Segment Open
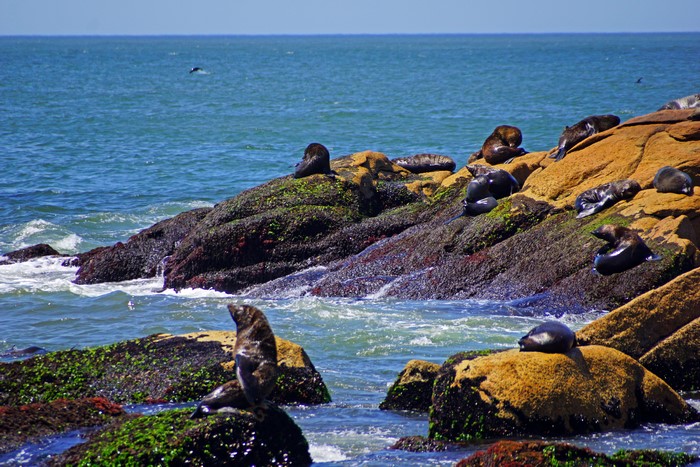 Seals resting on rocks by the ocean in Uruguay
Segment Closed
Segment Open
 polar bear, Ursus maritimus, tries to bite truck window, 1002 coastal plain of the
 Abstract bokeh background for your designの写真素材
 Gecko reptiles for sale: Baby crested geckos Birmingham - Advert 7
Segment Closed
[EXERCISE OBJECTIVE]:
Only the lines above from the one with "Abstract bokeh background" through the one with "Gecko reptiles for" should be duplicated, character for character.

[WRITTEN SOLUTION]:
 Abstract bokeh background for your designの写真素材
 Gecko reptiles for sale: Baby crested geckos Birmingham - Advert 7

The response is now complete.